Professor Cha, now of Georgetown University, who served as NSC during the Bush Administration and as a negotiator at the Six Party Talks, suggested on Thursday that “There will never be (recognition of North Korea as nuclear state), either by Bush or by Obama.”

The speech was made at a lecture organized by the Sejong Society at Johns Hopkins University SAIS. In the lecture, Professor Cha also talked about his new book “Beyond the Final Score: The Politics of Sports in Asia,” and some of the episodes related to North Korea that arose while he was negotiating with his counterparts.

While visiting North Korea for negotiations on the repatriation of the bodies of missing U.S. GIs during the Korean War, Cha had an opportunity to have a two-and-a-half hour conversation with Lee Gun, Director of American Affairs at the DPRK Foreign Ministry. Cha recalled that the conversation ended on the theme of sports. Also, when Cha was at one of North Korea’s “guest houses,” he was able to watch only two channels, one of which was showing a session of the Supreme People’s Assembly and the other the news of the North Korean women’s soccer team’s win over Taiwan.
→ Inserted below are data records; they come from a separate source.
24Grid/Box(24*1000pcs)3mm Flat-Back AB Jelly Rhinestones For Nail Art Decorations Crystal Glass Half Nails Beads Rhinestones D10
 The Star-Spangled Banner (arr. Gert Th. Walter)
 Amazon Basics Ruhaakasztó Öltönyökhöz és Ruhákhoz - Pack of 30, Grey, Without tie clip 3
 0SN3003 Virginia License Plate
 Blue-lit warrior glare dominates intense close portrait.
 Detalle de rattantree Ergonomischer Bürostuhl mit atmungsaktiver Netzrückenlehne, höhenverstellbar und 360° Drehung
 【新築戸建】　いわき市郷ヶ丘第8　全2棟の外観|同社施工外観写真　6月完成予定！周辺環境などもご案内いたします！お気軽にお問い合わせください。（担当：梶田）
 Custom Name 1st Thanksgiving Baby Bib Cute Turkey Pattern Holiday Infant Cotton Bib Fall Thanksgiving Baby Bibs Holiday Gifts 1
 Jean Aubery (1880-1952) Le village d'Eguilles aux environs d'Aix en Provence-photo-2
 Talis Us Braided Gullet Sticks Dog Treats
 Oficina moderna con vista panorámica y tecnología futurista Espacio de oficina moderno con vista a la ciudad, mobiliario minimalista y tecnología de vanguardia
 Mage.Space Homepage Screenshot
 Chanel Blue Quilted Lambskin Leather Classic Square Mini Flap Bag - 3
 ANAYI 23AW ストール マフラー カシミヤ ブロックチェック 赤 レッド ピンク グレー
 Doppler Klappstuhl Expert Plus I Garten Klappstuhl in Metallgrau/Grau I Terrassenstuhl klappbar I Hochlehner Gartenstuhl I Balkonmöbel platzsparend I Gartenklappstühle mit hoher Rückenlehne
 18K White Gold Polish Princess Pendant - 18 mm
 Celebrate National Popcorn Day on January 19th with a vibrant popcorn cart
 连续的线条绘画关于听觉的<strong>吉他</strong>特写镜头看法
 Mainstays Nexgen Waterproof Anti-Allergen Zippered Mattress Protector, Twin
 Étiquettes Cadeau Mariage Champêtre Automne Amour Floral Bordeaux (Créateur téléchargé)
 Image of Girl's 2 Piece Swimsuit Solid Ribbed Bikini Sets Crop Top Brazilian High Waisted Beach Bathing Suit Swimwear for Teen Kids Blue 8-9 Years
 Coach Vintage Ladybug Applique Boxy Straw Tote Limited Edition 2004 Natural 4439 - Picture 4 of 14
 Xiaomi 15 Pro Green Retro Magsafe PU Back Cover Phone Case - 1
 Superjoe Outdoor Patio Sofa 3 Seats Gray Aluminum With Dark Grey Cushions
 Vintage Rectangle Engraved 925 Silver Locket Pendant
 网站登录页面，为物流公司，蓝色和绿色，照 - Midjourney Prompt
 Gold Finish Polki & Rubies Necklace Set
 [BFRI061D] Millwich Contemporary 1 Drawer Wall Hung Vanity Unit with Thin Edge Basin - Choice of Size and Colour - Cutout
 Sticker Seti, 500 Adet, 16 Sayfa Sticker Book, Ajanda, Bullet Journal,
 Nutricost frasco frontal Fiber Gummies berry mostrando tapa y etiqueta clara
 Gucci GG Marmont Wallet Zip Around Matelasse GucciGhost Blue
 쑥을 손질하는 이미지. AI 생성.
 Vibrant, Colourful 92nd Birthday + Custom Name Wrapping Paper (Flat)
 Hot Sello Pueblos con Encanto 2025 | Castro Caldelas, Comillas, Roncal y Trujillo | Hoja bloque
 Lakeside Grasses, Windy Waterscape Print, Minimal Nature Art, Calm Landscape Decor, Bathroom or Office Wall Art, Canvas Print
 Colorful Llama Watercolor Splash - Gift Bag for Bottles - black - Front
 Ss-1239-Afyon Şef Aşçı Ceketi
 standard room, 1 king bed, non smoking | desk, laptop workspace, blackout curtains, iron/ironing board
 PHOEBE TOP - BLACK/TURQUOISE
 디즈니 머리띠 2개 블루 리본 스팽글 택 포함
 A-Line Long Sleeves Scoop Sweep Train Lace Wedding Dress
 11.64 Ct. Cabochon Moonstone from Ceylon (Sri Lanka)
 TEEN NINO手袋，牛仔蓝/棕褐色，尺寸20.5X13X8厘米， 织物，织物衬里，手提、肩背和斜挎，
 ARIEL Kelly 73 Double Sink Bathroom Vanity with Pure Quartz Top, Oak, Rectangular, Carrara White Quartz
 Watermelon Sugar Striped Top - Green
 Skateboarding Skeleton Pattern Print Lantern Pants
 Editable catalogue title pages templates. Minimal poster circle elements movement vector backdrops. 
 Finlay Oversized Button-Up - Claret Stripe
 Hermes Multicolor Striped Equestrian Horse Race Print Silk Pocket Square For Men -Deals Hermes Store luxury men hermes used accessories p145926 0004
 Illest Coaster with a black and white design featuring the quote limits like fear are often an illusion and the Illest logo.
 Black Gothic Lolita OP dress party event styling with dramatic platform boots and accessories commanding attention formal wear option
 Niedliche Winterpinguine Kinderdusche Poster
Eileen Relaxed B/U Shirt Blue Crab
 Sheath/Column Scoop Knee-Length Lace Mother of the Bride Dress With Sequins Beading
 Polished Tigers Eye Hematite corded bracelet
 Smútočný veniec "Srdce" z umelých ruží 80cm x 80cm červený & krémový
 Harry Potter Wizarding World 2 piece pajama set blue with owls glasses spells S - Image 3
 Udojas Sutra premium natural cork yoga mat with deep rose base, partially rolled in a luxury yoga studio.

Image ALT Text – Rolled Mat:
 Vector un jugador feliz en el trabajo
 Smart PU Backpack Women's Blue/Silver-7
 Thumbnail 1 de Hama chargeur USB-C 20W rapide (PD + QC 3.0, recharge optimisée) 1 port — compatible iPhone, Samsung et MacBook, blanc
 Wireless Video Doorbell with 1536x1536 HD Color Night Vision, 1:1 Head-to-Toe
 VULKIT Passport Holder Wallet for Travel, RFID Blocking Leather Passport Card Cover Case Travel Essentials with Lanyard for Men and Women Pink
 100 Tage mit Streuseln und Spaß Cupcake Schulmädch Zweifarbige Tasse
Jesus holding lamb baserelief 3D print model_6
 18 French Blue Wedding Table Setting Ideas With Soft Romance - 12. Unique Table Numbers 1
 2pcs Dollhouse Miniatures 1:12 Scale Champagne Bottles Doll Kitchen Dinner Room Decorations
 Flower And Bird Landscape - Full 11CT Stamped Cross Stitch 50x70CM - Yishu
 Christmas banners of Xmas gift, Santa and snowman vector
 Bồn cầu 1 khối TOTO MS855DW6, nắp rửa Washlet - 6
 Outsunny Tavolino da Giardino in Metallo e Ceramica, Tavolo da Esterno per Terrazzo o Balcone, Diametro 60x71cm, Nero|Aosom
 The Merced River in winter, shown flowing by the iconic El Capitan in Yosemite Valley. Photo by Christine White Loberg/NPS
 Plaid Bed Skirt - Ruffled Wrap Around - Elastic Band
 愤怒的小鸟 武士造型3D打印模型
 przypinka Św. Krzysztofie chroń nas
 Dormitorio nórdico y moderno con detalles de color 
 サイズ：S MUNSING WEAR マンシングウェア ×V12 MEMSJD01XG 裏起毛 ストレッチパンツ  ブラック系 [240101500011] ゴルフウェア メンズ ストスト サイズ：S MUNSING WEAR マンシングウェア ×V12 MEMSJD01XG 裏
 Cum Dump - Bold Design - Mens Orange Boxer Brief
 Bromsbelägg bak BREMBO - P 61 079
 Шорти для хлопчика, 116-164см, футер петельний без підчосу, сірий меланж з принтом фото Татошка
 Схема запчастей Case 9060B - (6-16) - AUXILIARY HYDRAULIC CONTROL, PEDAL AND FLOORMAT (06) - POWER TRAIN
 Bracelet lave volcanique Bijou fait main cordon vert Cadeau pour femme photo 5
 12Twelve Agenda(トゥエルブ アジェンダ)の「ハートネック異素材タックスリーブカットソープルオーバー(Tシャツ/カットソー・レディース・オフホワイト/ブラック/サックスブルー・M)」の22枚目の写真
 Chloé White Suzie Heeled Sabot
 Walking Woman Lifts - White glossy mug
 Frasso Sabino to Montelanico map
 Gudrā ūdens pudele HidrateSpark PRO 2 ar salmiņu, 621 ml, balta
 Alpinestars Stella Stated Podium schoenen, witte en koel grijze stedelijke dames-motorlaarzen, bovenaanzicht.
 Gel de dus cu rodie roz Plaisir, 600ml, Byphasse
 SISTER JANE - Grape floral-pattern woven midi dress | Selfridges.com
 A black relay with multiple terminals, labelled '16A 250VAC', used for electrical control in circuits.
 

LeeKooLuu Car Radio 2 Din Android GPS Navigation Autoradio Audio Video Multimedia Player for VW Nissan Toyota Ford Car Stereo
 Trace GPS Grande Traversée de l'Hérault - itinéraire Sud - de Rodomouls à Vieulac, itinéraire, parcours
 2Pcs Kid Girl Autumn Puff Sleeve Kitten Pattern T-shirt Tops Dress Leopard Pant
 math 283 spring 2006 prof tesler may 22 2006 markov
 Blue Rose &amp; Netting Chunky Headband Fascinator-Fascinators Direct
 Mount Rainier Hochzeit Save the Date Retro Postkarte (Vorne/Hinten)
Sports can be an important and politically safe channel for contacts between hostile regimes, as shown by the famous “Ping-Pong Diplomacy” between the U.S. under President Nixon and Maoist China in the early 1970s.

As the New York Philharmonic’s performance in Pyongyang also showed, sports or cultural exchanges can ‘facilitate’ ongoing negotiations with North Korea, too.

Indeed, Cha suggested that it could be possible to invite the North Korean women’s soccer team to America if the Six Party Talks improve. North Korea has one of the best women’s soccer teams in the world, as does the U.S. It is one sport where genuine competition would be possible.

In any case, Cha added, given that the Six Party Talks are frozen in the second phase and the new administration just took the reins, cultural or sports events could ‘keep contacts between US and North Korea open and fill the vacuum (left by the absence of negotiations).’